Why do we like crime shows so much if not for the sense of danger, the menace and tension? It’s probably because of this same feeling of danger, that anything can happen, bitter excess as well as unexpected sweetness and light, that I appreciate free jazz. For its intensity, tight as a fist, a rage ready to burst at any moment, for its tension that keeps the musicians on the edge. And when this violence is unleashed, it’s as much that storm as the breaking of the tension that makes the whole thing so jubilant, even liberating.
There’s a bit of these mechanics at work on the splendid second album from the Swedish sextet of Anna Högberg. It’s a pity that the tenor sax player Malin Wättring has left the band since the first one in 2016, as it was until then all-female, which gave it a very special edge. But with the arrival of trumpet player Niklas Barnö, who was also a member of Mats Gustaffson’s Fire! Orchestra (in which Ms. Högberg took part as well), the sextet came out ahead and broadened its palette.

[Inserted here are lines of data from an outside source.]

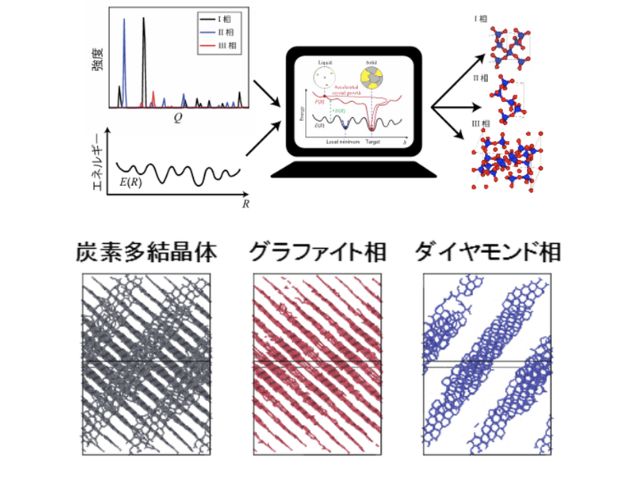 東大，格子定数などを用いず未知の結晶構造を決定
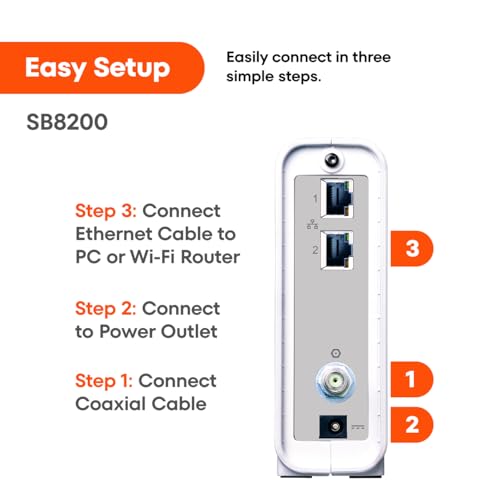 Cable Modem DOCSIS 3.1 Gigabit, 4 OFDM Channels T781198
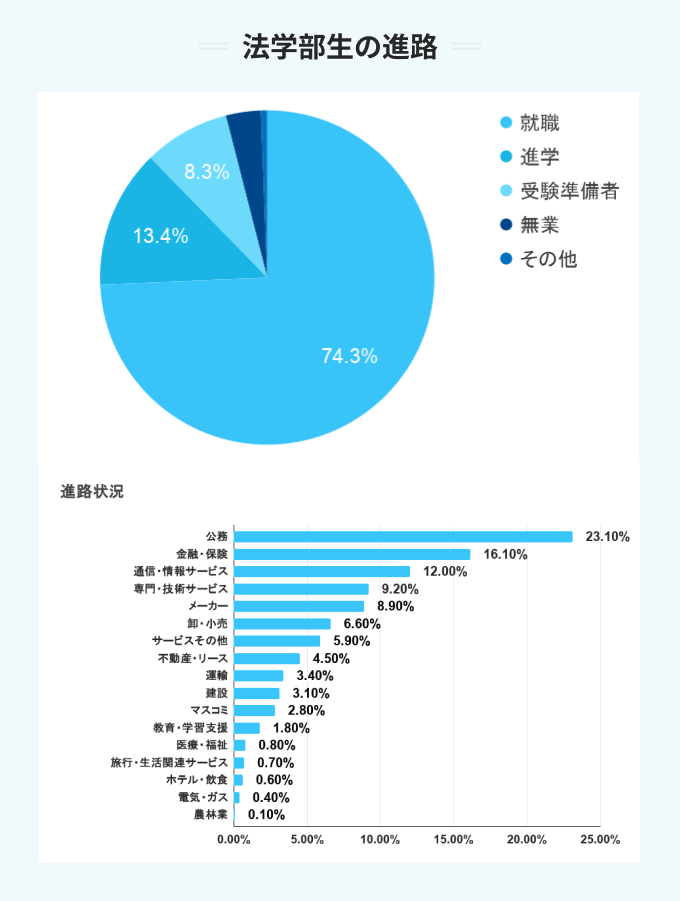 中央大学法学部生の進路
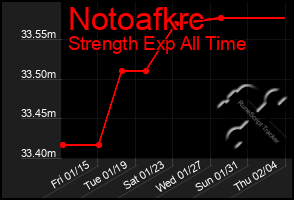 Total Graph of Notoafkrc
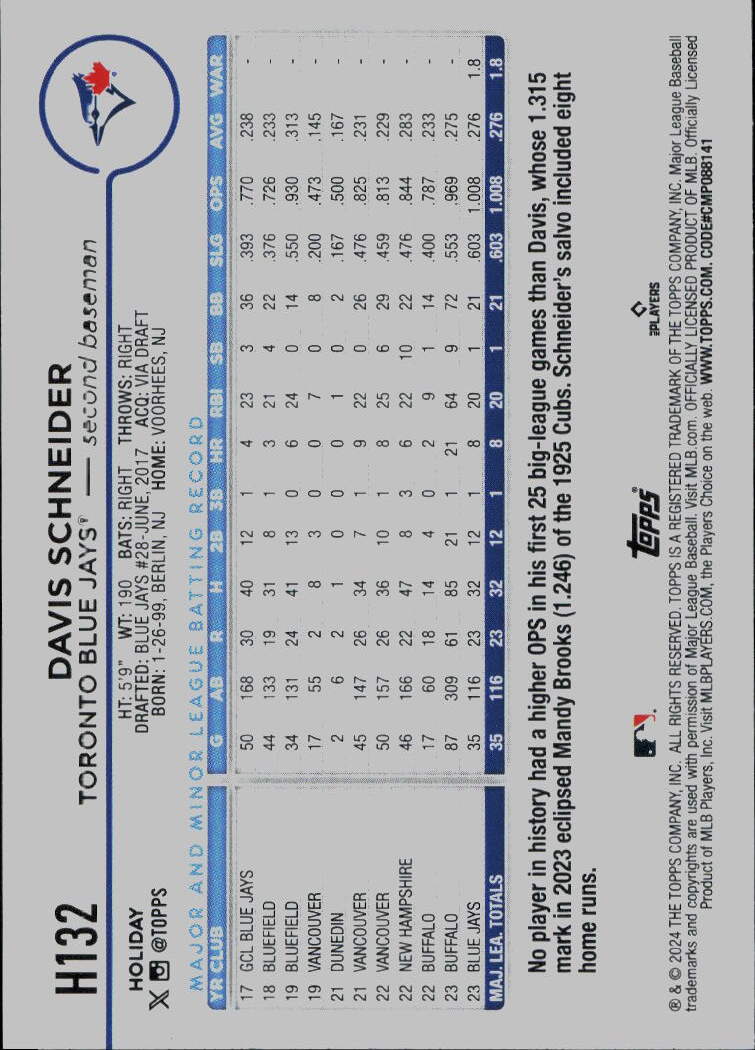 2024 Topps Holiday #H132 Davis Schneider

The start is a bit brutal: a furious salvo of alto saxophone from the leader, followed by a chaotic brass band, leading to a theme reminiscent of Albert Ayler. “Tjuv”, the longest piece, with a theme reminiscent of Mingus, allows the band to celebrate its roots as much as its distinct personalities, and the roaring brass have soul to spare. In the freest passages, there’s a purity, depth, and fiery spirit that’s so full of life that you’d think it’s amazing that white people – Scandinavians to boot! – manage to perpetuate this black legacy so well.
And when the last track is over, one quickly feels like starting over again. Beware! This stuff has an exhilarating power that can be addictive.